This chronicle of events should not just be of interest to all Nigerians, it should make the debate on their current harrowing living more feverish: Budget and Planning Minister Udoma Udo Udoma on September 15 told a cabinet retreat on the 2016 Budget which attracted 234 participants that the President’s Economic Management Team had proposed a fiscal stimulus initiative for the country to spend its way out of the present economic recession via a “plan to generate an immediate large injection of funds principally in foreign currency estimated at US$10 – $15 billion into the economy through asset sales, advance payment for licence renewals, infrastructure concessioning, use of recovered funds, etc, to reduce the funding gap.” The National Economic Council met on September 22 and “expressed support for the plans and proposals of the Federal Government to steer the country out of recession.” Before emotions over-ride reason, however, there are more important points to ponder. There have been many missteps by the Muhammadu Buhari administration!

The federal administration attributed the final fall into recession to the sharp fall in foreign currency receipts due to low crude oil prices and disruptions of oil and gas production by militants in the oil fields. But that is only half-true considering the militants beforehand threatened to “crumble the economy” if their demands were not met. They subsequently proceeded gradually to stop the flow of gas to the electricity generating plants and cut off supply of crude oil to the NNPC refineries whose output, according to the Petroleum Minister of State, had begun to rise at the time. While the domestic energy supplies deteriorated, the Buhari administration simultaneously reduced total volume of imported petrol by 78 per cent from May/June 2015 to May/June 2016 on the altar of curbing pressure on external reserves.

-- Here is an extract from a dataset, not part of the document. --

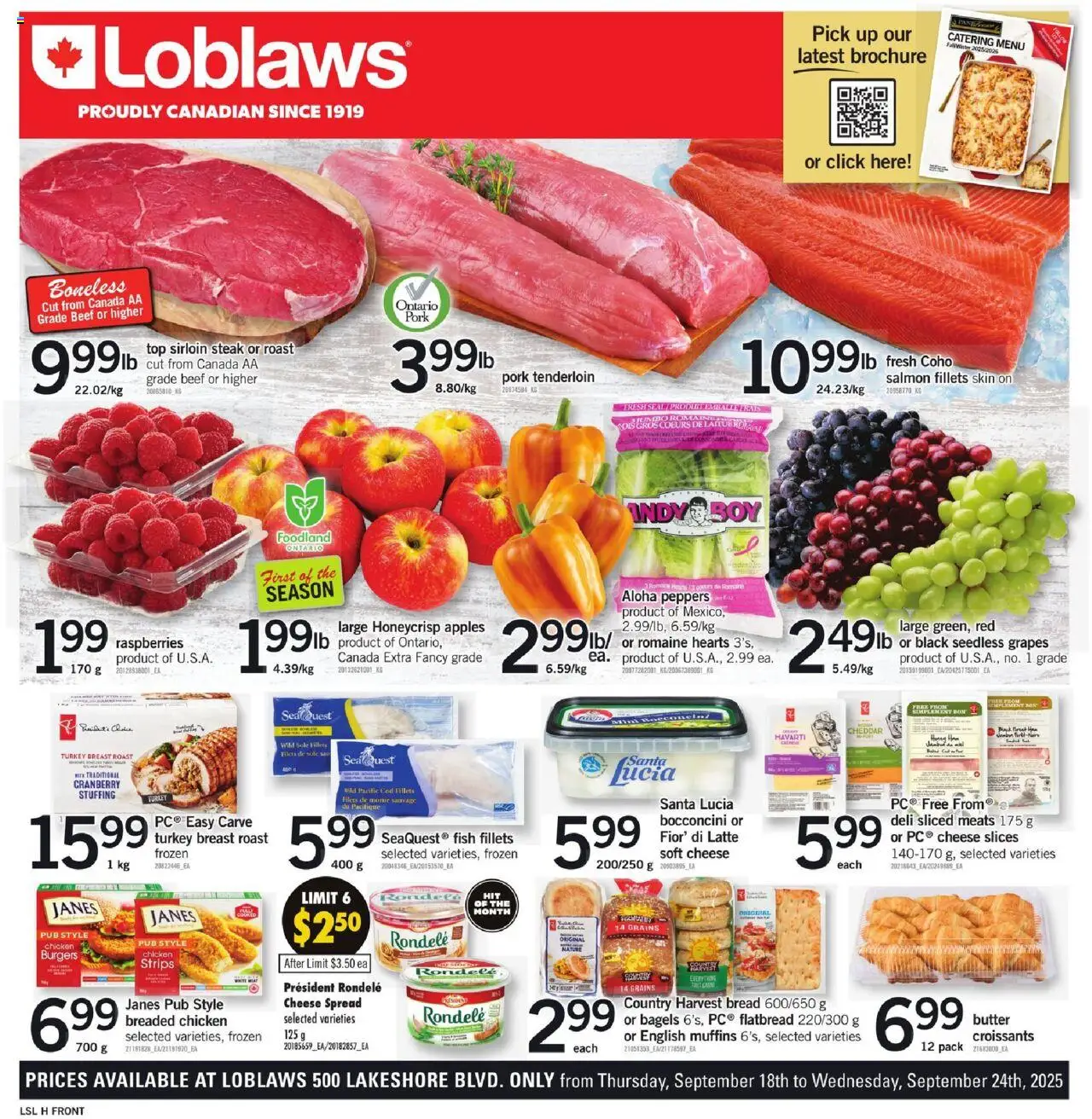 Loblaws flyer valid from Sep 18, 2025 - page number 1 - Fish, Turkey, Bread, Beef, Grapes, Spread, Turkey breast, Seedless grapes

Cognizant of the fact that energy consumption level is indicative of the intensity of economic activity, Buhari bears the major blame for precipitating the economic recession by both delaying interminably to dialogue with the militants and starving the economy of imported petrol, diesel and kerosene by turns.
Worse still, Udoma betrays a lack of understanding of the composition of a country’s external reserves as well as a market reflective exchange rate mechanism by celebrating at the retreat the plunging value of the naira since mid-June for bringing about “exchange rate gains (this actually represents money illusion) and an increase in naira proceeds in funding the 2016 budget thus helping us pay salaries and keep the state running” in total oblivion of the associated shooting inflation and dwindling effective demand.

Now, a more monumental economic misstep is the new plan to tie exit from the present recession to selling off some national assets for foreign currency under terms that possibly contain “repurchase options which will make provision for buy-back of those assets when the situation improves.” This novel forex-denominated self-destruct budget financing strategy of “sell profit-making assets cheap now and repurchase them dear later” not only runs counter to government’s economic mandate enshrined in Section 16 of the 1999 Constitution (as amended) but also represents a lame excuse for the failure that the administration expects from its inept management of the economy. Not a single national asset should be sold under such a pretext, which froths with intentions to transfer thriving national assets to cronies and foreign patrons of the present federal administration.

Nonetheless, it should be realised that Nigeria’s is a mixed economy where enterprises wholly or partly owned by government should complement private businesses in the overall national interest. The Federal Government should retain and make its enterprises function efficiently. Instructively, Nigerians have had some experience in sale, privatisation and concessioning of government enterprises with mixed results that largely verge toward the unpalatable. What is required is for government to learn from the previous exercises to draw up rules for a transparent and equitable disposal of any assets adjudged to be obsolete or surplus to government business at a fair price as and when necessary or as a matter of routine.

In the search for revenue to finance the budget, the Federal Government would have over N1trillion at its disposal by repudiating over 90 per cent of the purported national domestic debt, which is made up of mopped but sterilised excess liquidity funds that were not expended or invested. To help it to exit the economic recession and ensure eventual sustainable growth, the Federal Government should cut off such avenues for freeloading.